§ Task prompt: Given the records below, the lines starting at the line with "Antiek en Kunst" and ending at the line with "工频电压试验 高压交流负荷开关-熔断器组合电器 GB/T 16926-2009 6.2" should be output exactly, both end lines kept and pictures left out.

§ Dataset entries:
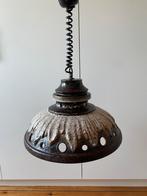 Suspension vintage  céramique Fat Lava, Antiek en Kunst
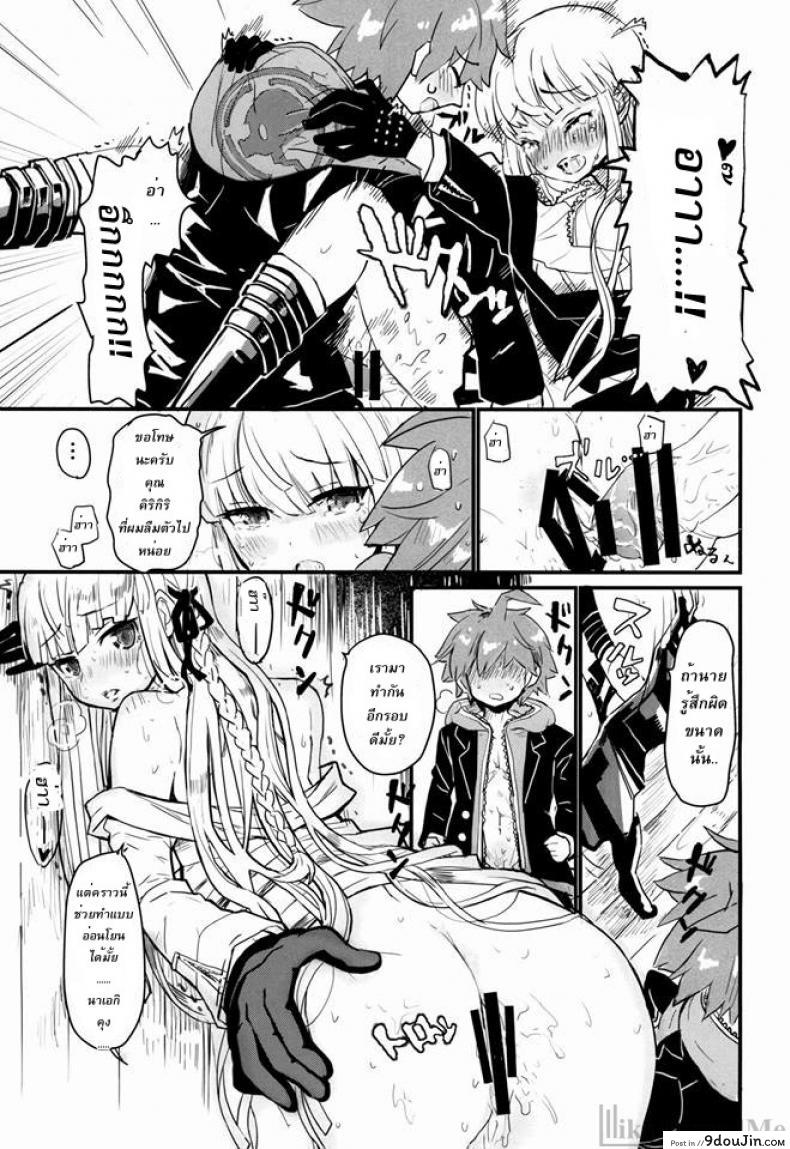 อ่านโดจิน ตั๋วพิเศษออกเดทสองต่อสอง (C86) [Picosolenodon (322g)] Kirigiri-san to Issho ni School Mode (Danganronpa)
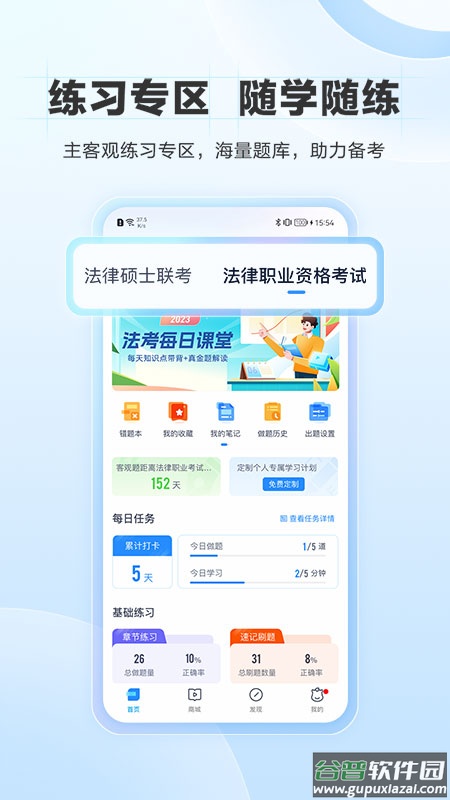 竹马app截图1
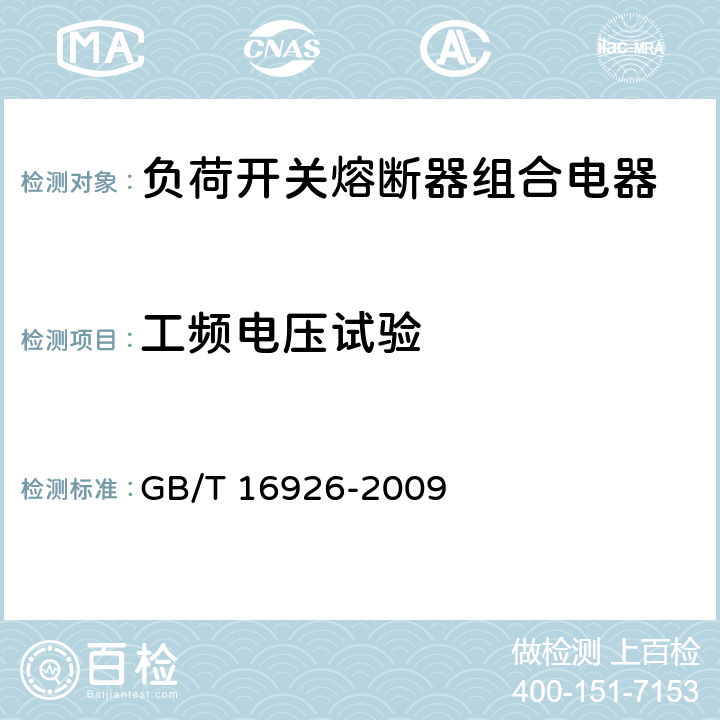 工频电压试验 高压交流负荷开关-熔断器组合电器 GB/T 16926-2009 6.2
==
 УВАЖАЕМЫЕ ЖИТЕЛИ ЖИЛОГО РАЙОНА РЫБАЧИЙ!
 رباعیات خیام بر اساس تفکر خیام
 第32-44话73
==
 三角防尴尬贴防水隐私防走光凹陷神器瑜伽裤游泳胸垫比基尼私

§ Exercise output:
 Suspension vintage  céramique Fat Lava, Antiek en Kunst
 อ่านโดจิน ตั๋วพิเศษออกเดทสองต่อสอง (C86) [Picosolenodon (322g)] Kirigiri-san to Issho ni School Mode (Danganronpa)
 竹马app截图1
 工频电压试验 高压交流负荷开关-熔断器组合电器 GB/T 16926-2009 6.2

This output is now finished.